Slurm backend example:

version: "0.1"

backends:
- name: slurm_cluster
type: slurm
default: true
account: "your_slurm_account"
partition: "your_slurm_partition"
time: "00:10:00"
nodes: 1

workflow:
name: wf
tasks:
- name: slurm_task
script:
- echo hello

Notes:

  • If you don't specify task.operator, the backend chooses its default operator:

    • local backend → bash
    • slurm backend → srun
  • You can run sflow asynchronously via sbatch:

    • sbatch returns immediately with a job id; sflow runs inside the batch allocation.
    • In this mode, sflow will reuse the current allocation (no extra salloc).
    • Make sure your --workspace-dir/--output-dir point to a shared filesystem so you can inspect logs while it runs.

Example:

sbatch --job-name=sflow --output=sflow-%j.out --wrap "cd $SLURM_SUBMIT_DIR && sflow run --file sflow.yaml"
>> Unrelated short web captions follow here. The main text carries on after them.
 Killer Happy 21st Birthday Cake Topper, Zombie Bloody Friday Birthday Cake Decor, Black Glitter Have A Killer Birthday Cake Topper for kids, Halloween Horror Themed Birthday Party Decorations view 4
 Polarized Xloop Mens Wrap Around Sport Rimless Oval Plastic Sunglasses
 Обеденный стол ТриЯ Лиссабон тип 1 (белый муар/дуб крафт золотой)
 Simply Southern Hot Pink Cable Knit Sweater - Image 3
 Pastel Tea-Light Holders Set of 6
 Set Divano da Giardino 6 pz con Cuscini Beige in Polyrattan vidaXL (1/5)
Cluster-specific flags (extra_args)

Some Slurm clusters require additional flags for job submission (e.g., GPU resources, network segments, or custom policies). Use the extra_args section to pass these cluster-specific options:

version: "0.1"

backends:
- name: gpu_cluster
type: slurm
default: true
account: "myproject"
partition: "gpu"
time: "01:00:00"
nodes: 2
extra_args:
- "--gpus-per-node=8"
- "--segment=2"
- "--exclusive"

workflow:
name: wf
tasks:
- name: gpu_task
script:
- nvidia-smi
- echo "Running on GPU nodes"

Common cluster-specific flags include:

FlagDescription
--gpus-per-node=NRequest N GPUs per node
--segment=<name>Target a specific network segment or job class, usually GB200 / GB300
--exclusiveRequest exclusive node access
--mem=<size>Memory per node (e.g., 128G)
tip

Check your cluster's documentation or run sinfo / scontrol show partition to discover available partitions, segments, and resource constraints.

note

When using sflow batch mode, you can also pass extra Slurm flags directly via the -e flag without modifying the YAML file:

sflow batch -f workflow.yaml -e "--gpus-per-node=8" -e "--segment=2"

This is useful for quick adjustments or when testing different cluster configurations.